Metro Weekly

Small Town Boy

It may be hard to go home again, but it's getting easier to enjoy the visits

It was later in the evening when Sherry Dee grabbed me by the arm and pulled me out on the then-empty dance floor where some forgotten ’80s pop hit blared through the Peaveys set up in the corner of the country club’s common room and I found myself shuffling around trying to remember how, exactly, I used to move to this stuff. I was stricken with the thought that everyone was staring at me thinking, ”Oh my god, Sean Bugg’s gay and he can’t dance!

After skipping all my previous high school reunions, I decided to make the trek back to western Kentucky to celebrate having made it through the 25 years since 1985. Last year, a friend of mine who knew of my reservations about returning told me, ”You should go, really. You’ll have a great time.”

Turns out he was right. It really has been 25 years since I’d seen most of my classmates. When I left Kentucky for college and career, I barely took a moment to look back. Growing up in rural farmland during the late ’70s and early ’80s, the strongest skill I learned was building a sturdy closet. When I came out of it, I knew that it meant a certain part of my life was forever over.

It’s just the nature of the trade-off so many of us have made to be able to live our lives openly and honestly.

Oddly, while I achieved that separation with ease when in my youth, as I’ve gotten older I’ve found myself more often missing that part of my life — in many ways, the life that could have been had circumstances been different: stronger connections to family, lifelong friendships that grow from childhood through adulthood, a sense of belonging in my own hometown.

So it’s somewhat of a relief to find that, while I can’t simply conjure up a life experience that never happened, the world has changed enough that I can re-engage with what I left behind.

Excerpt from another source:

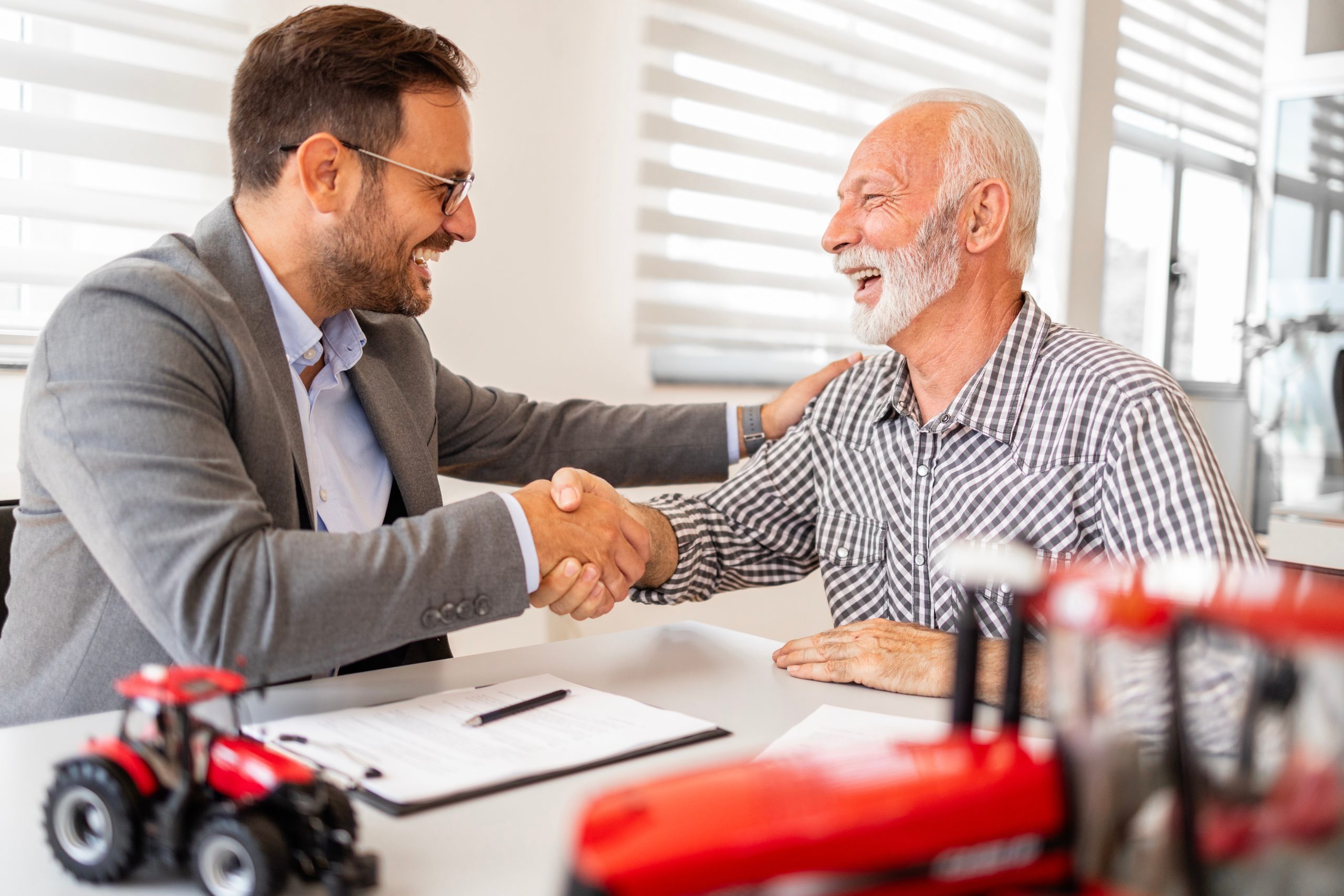 professional person in a suit shaking hands with a client during a business meeting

Catching up with old friends was a great thing, made even better by the fact that the whole gay thing didn’t come up, outside of introducing Cavin as my husband. Like most gays and lesbians I know, I’m not interested in talking about ”the gay” at every moment. Luckily, I didn’t have to spend the whole night talking about it, since it’s not as if everyone hasn’t known about me for years courtesy of the ever-efficient, small-town communications network.

Well, almost. When one of my closest friends from high school, Christina, grabbed me in a hug and joked, ”You’re my gay friend!” another classmate busted out with an exuberant, ”You’re gay? Really? Are you shitting me?” But I’m thinking that was less about his naiveté and more about the vodka talking.

In the days since, I’ve gained a lot of new friends from an old past on Facebook, which means I suddenly have a lot more people who claim a Christian conservative point of view following my status updates and online meanderings. As always, I hope that knowing me helps at least one person better understand the life of a younger gay or lesbian person who still lives back home, or see the consequences of particular votes on election day — and that I better understand their lives as well.

But just as important for me is the simple chance to reconnect to a small-town Kentucky life that I thought would be lost to me. I may not be able to truly go home again, but I can surely enjoy the visits.